Exercise >> Every entry must be copied word for word.

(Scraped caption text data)

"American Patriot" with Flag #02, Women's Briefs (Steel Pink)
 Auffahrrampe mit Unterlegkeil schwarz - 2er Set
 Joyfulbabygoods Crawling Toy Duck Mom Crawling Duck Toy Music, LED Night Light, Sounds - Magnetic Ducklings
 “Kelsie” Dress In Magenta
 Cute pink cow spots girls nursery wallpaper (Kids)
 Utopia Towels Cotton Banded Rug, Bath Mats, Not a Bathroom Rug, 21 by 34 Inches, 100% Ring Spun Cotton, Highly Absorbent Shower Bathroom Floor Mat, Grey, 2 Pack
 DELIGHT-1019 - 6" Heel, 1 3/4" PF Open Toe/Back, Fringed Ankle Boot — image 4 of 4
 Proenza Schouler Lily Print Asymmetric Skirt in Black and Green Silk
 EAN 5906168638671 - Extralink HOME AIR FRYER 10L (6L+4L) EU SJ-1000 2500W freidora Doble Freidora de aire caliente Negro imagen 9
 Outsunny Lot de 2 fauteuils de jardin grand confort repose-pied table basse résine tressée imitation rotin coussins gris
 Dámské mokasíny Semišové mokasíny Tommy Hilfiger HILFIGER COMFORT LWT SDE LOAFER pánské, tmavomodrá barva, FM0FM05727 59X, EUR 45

Written answer >>
"American Patriot" with Flag #02, Women's Briefs (Steel Pink)
 Auffahrrampe mit Unterlegkeil schwarz - 2er Set
 Joyfulbabygoods Crawling Toy Duck Mom Crawling Duck Toy Music, LED Night Light, Sounds - Magnetic Ducklings
 “Kelsie” Dress In Magenta
 Cute pink cow spots girls nursery wallpaper (Kids)
 Utopia Towels Cotton Banded Rug, Bath Mats, Not a Bathroom Rug, 21 by 34 Inches, 100% Ring Spun Cotton, Highly Absorbent Shower Bathroom Floor Mat, Grey, 2 Pack
 DELIGHT-1019 - 6" Heel, 1 3/4" PF Open Toe/Back, Fringed Ankle Boot — image 4 of 4
 Proenza Schouler Lily Print Asymmetric Skirt in Black and Green Silk
 EAN 5906168638671 - Extralink HOME AIR FRYER 10L (6L+4L) EU SJ-1000 2500W freidora Doble Freidora de aire caliente Negro imagen 9
 Outsunny Lot de 2 fauteuils de jardin grand confort repose-pied table basse résine tressée imitation rotin coussins gris
 Dámské mokasíny Semišové mokasíny Tommy Hilfiger HILFIGER COMFORT LWT SDE LOAFER pánské, tmavomodrá barva, FM0FM05727 59X, EUR 45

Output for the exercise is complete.